The Happy Armadillo

In the way that obsessive fans (or academics, as the case may be) compartmentalize heavy metal bands into a confusing web of sub-genres (blackened thrash, funeral doom, death ’n’ roll, um, pornogrind), I think dive bars deserve a similar taxonomic approach. The conclave required to establish the qualifications would probably be interesting, as even a logistic point as basic as “What beer is too fancy for the Dive Bar Conclave?” would probably cause vociferous dissent. There would be publicists insisting that their clients’ new concept, Dive Bar + Kitchen, counts,  mixed in with rebuttals from bar owners who don’t see anything divey about ancient foam acoustic tiles and wood veneers. For my purposes, I tend to divide dives into “Dives where you might be able to buy drugs and then get stabbed later” and “Dives where you bring your parents.”

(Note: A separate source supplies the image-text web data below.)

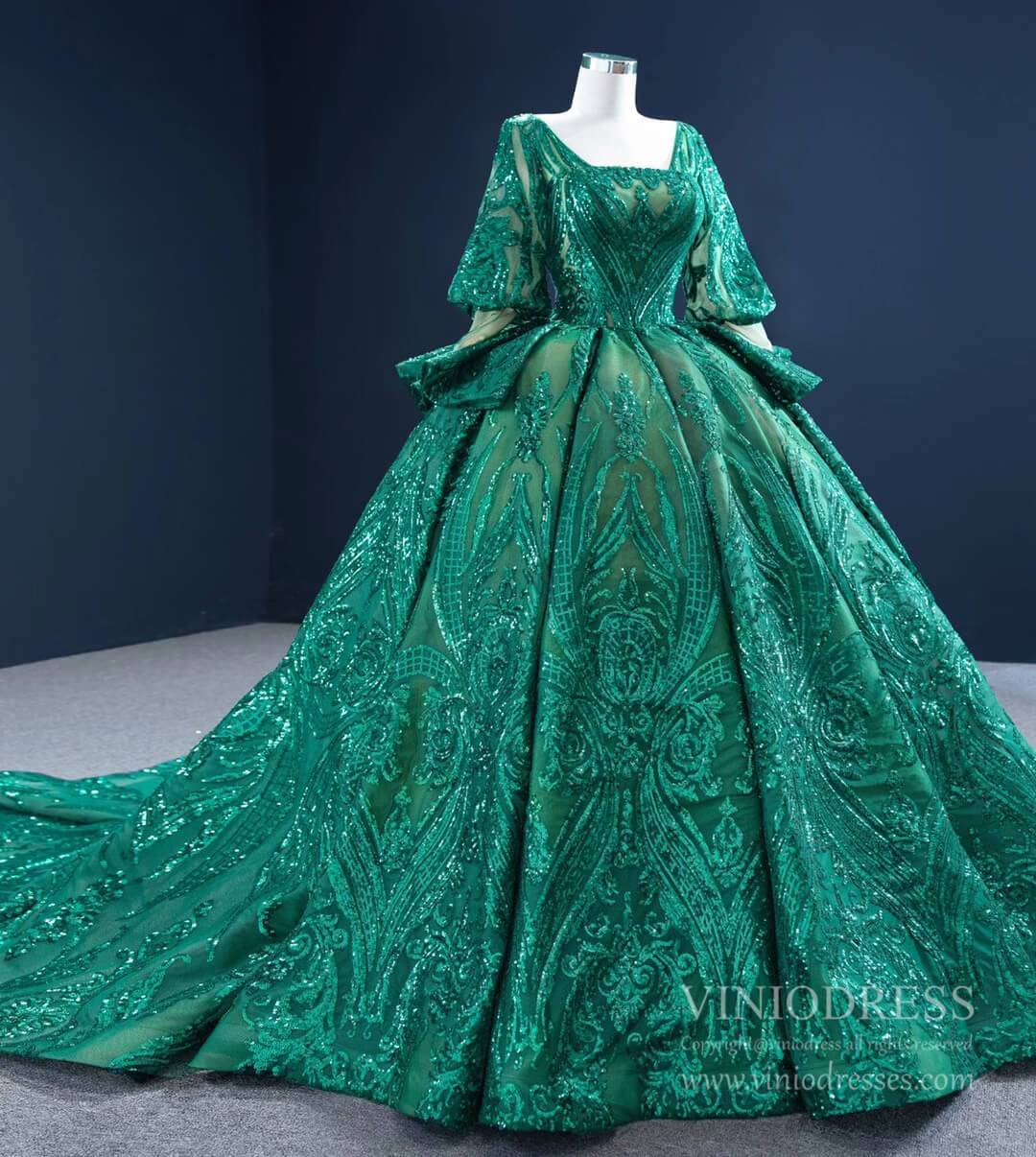 Prom Dress 2025 Sparkly Green Sequin Lace Prom Ball Gown Princess Dress with 3/4 Puff Sleeves 67223 viniodress-unique Quinceanera Dresses-As Picture-Custom Size-Viniodress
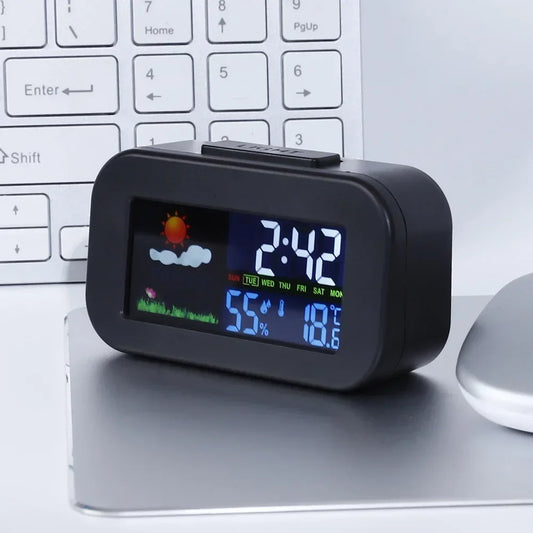 Digital Weather Station Clock with Color LCD Display
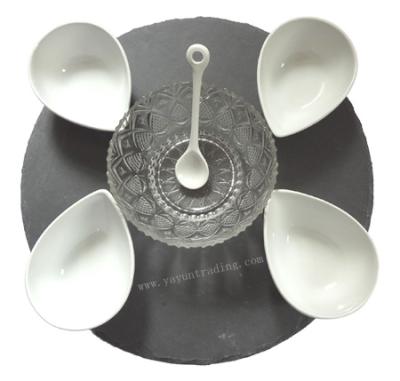 China Yayun Viable Best Selling European Natural Slate Appetizer Set for sale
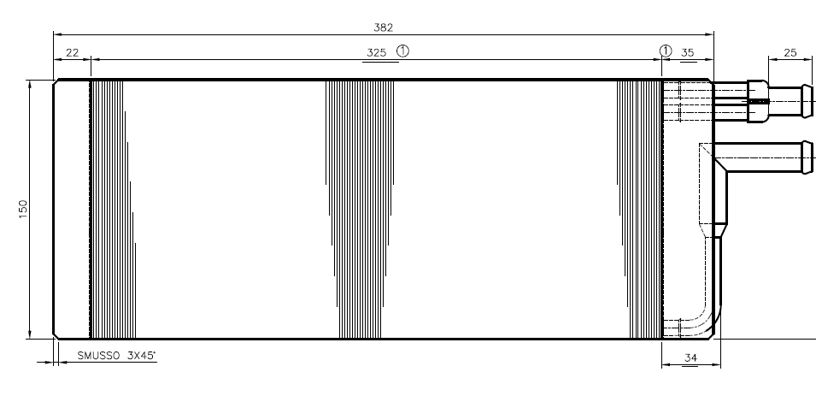 Evaporator - Exchange Area (W x H x D): 330 x 150 x 75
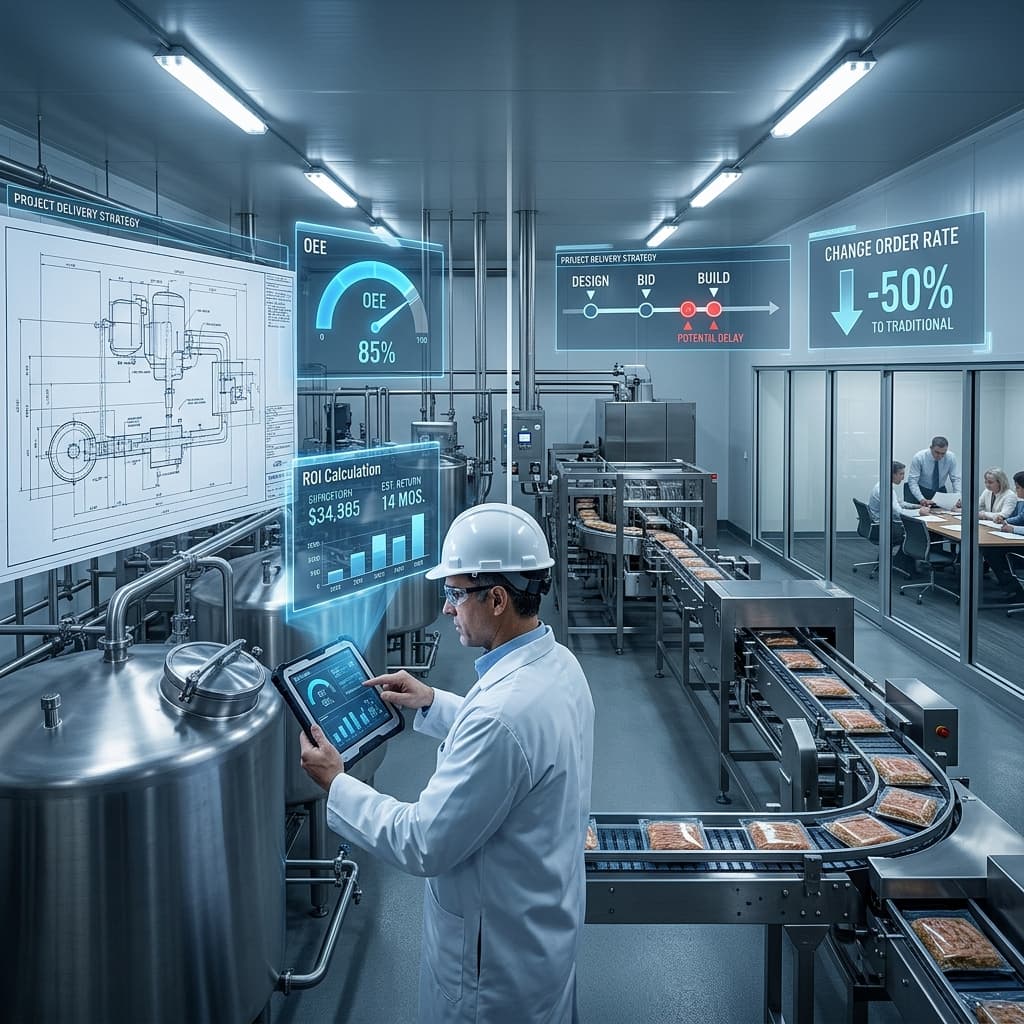 Engineer with tablet reviewing design plans and performance metrics in a food processing facility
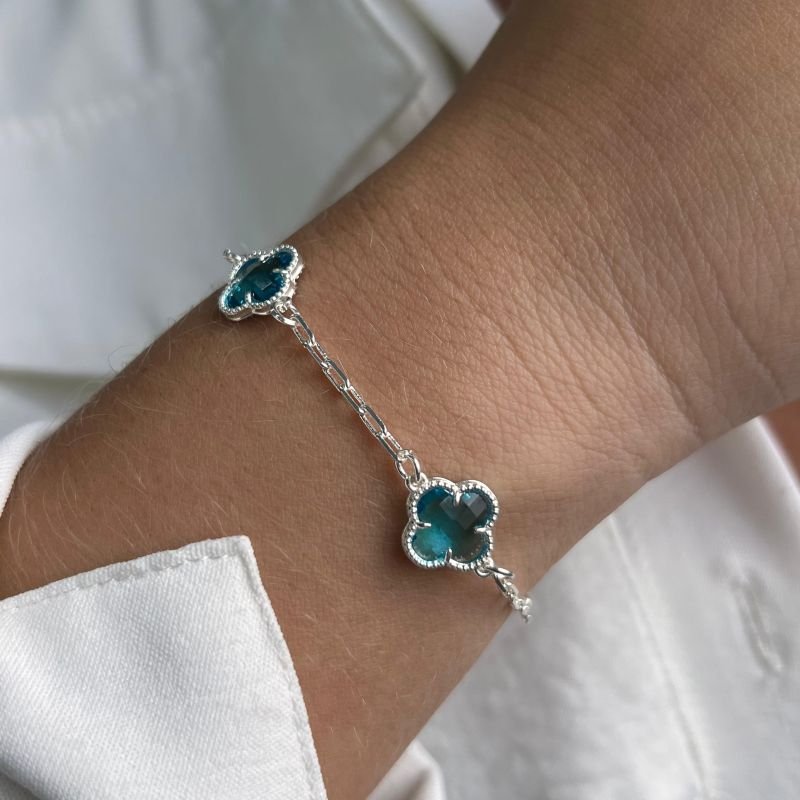 Pulseira Trevo Cristal Azul Banho Ouro 18k/Prata 925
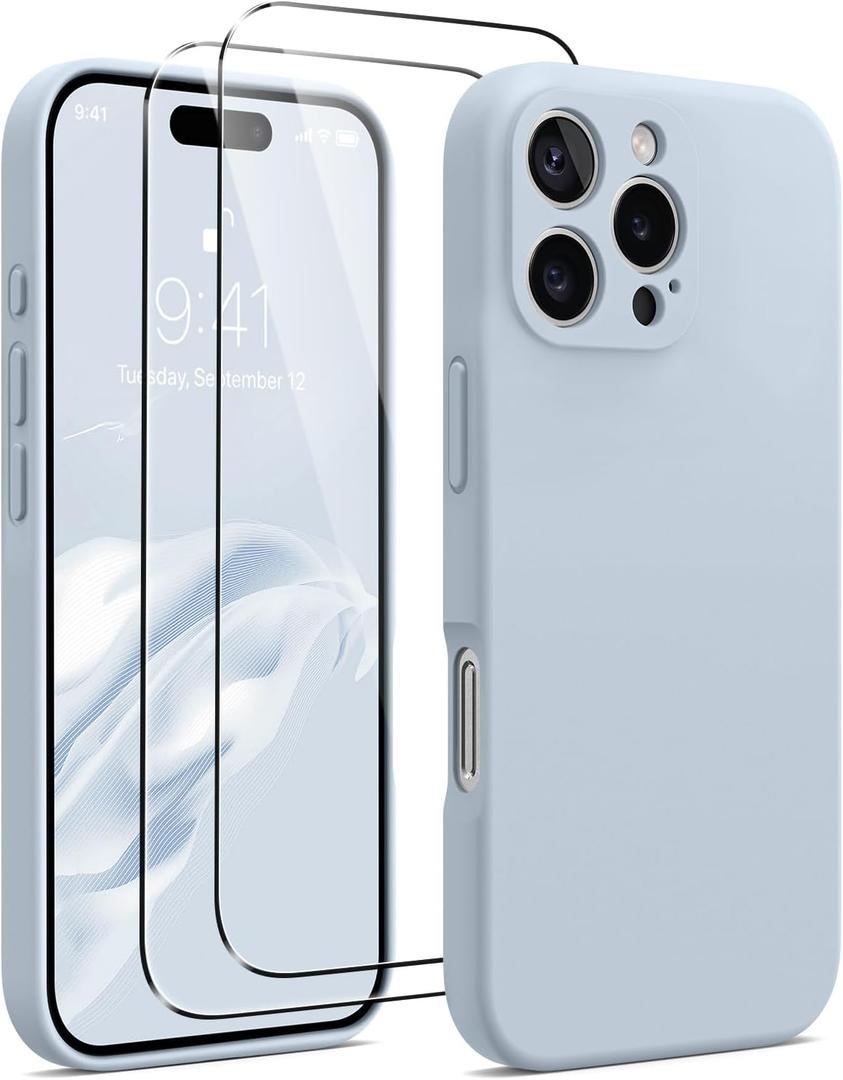 AOTESIER Magnetic for iPhone 16 Pro Max Case, [Compatible with MagSafe][Camera Protection], Food Grade Silicone Phone Case with [2 Screen Protectors], Anti-Scratch Lining, 6.9inch, Baby Blue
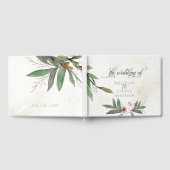 水彩植物花結婚ズゲストブック ゲストブック (全面)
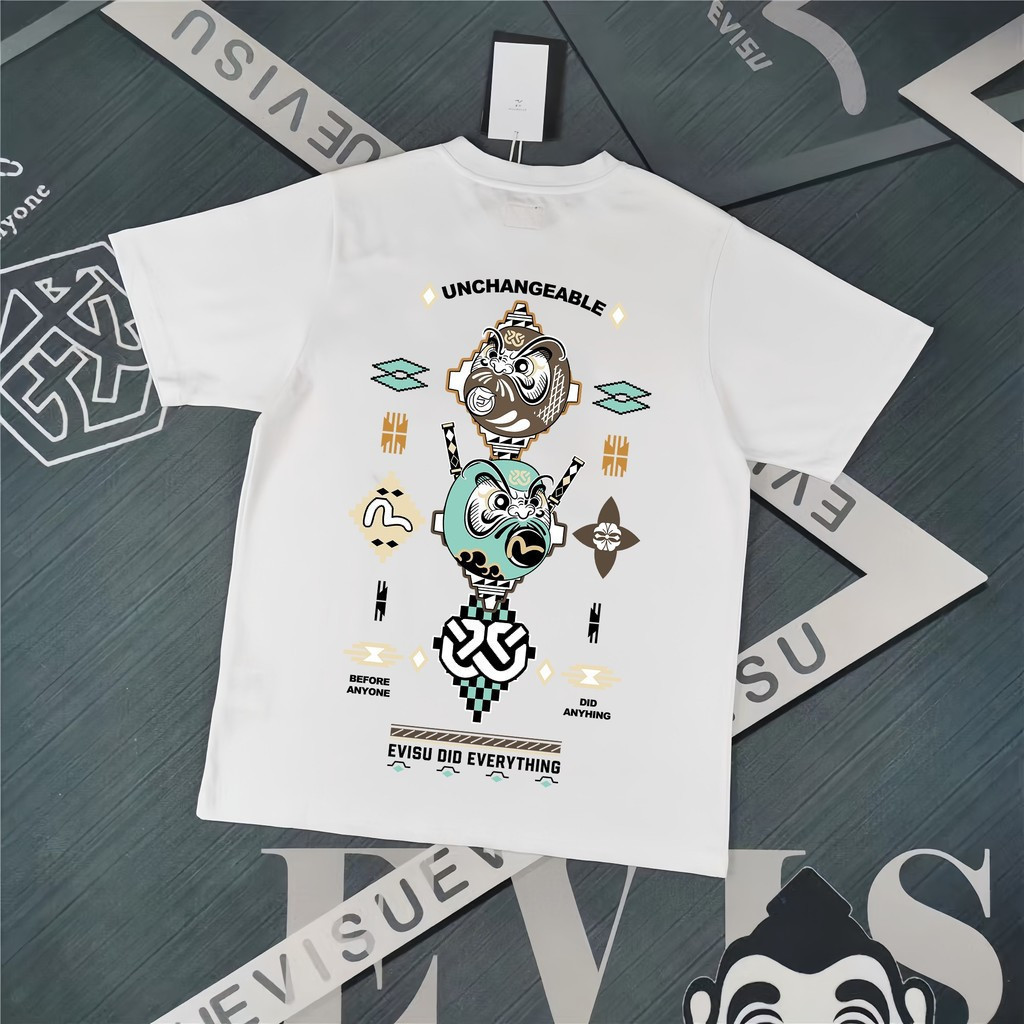 Evisu/God of Fortune 2026 เสื้อยืดคอกลมแขนสั้นสไตล์คู่ผู้ชายรอบคอสบายๆโลโก้ขนาดใหญ่พิมพ์ Raglan แขนส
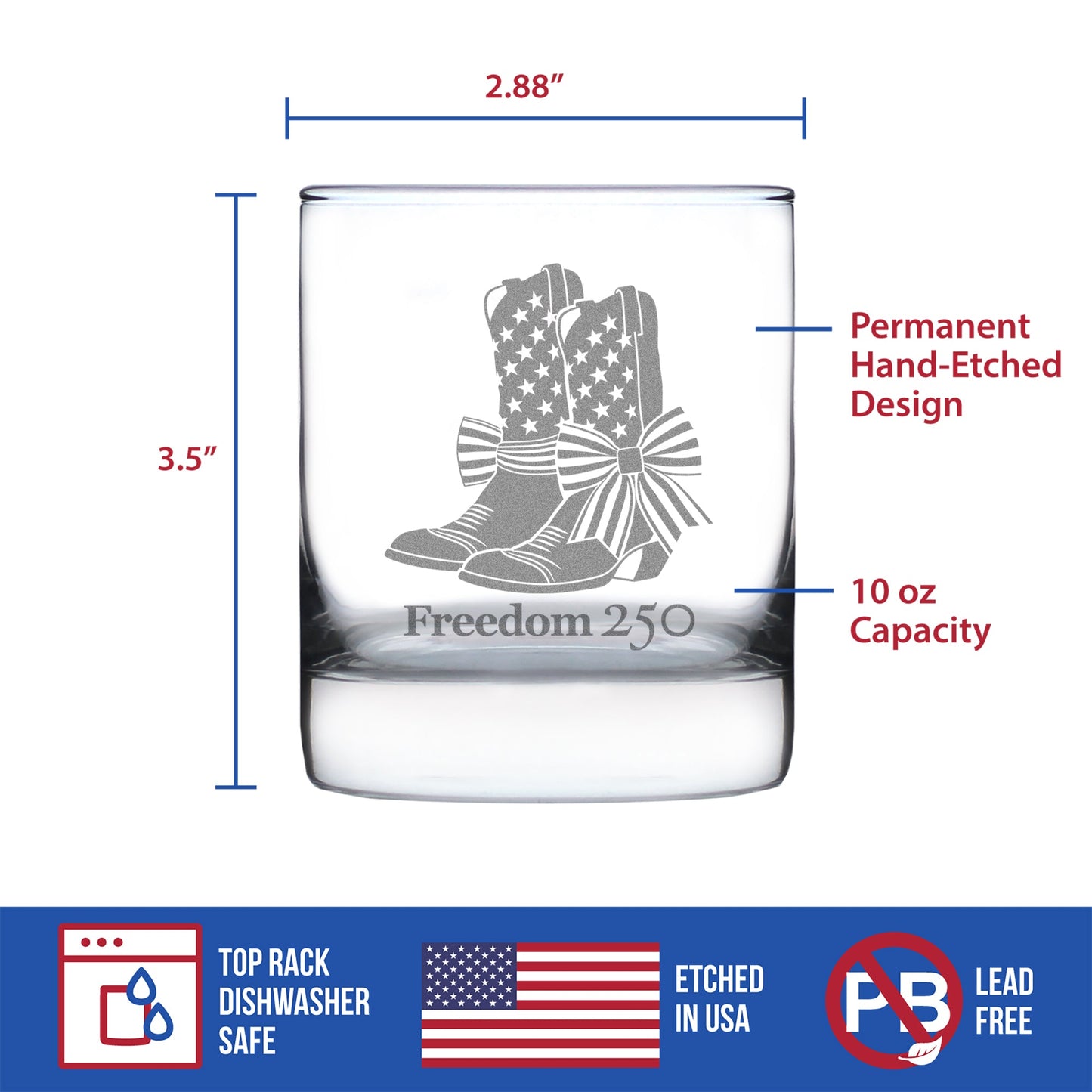 Freedom 250 Cowgirl Boots Engraved Rocks Glass 10.25 oz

The Happy Armadillo on Everman Parkway (happily) fits into the latter, especially if your parents are into playing those 8-line video games that are peculiarly exclusive to old, divey bars and backwater gas stations — The Happy Armadillo has several of these, plus a couple of pool tables and electronic dartboards. And while the dark brick walls and low lighting make for the kind of moody atmosphere I love, the light during the day spilling in from the shaded windows was positively cheery.

As I sat at the bar, a dude about my age with, evidently, his sixtysomething mom and dad sat at the 8-liners, filling them with dollars and commenting on the bar’s ambient music. At the time, Radiohead’s mopey “Creep” blared from the sound system. The unedited version. The mom murmured to herself about the uncut F-word in the chorus.


“It’s not regular radio, Mom,” her son whinnied. “It’s XM. It’s satellite.”

I live for coincidences, so when he said that, I really hoped to hear “Satellite” by Dave Matthews Band next, but instead, the sterile electronic pump and hiss of Nine Inch Nails’ “Closer” slithered into my ears. Since the chorus of that song literally proclaims the desire to fuck someone like an animal, I listened eagerly for more noises of motherly dismay, but I guess she either became quickly inured to F-bombs or was completely mesmerized by the frantic whirling and pinging of her game. The dad’s main commentary to the soundtrack was to echo Mark Hoppus’ “it hurts my ears” line when the station played Blink 182’s “Stay Together for the Kids.” Maybe Dad was a big Blink 182 fan. Maybe he likes Mark Hoppus songs best.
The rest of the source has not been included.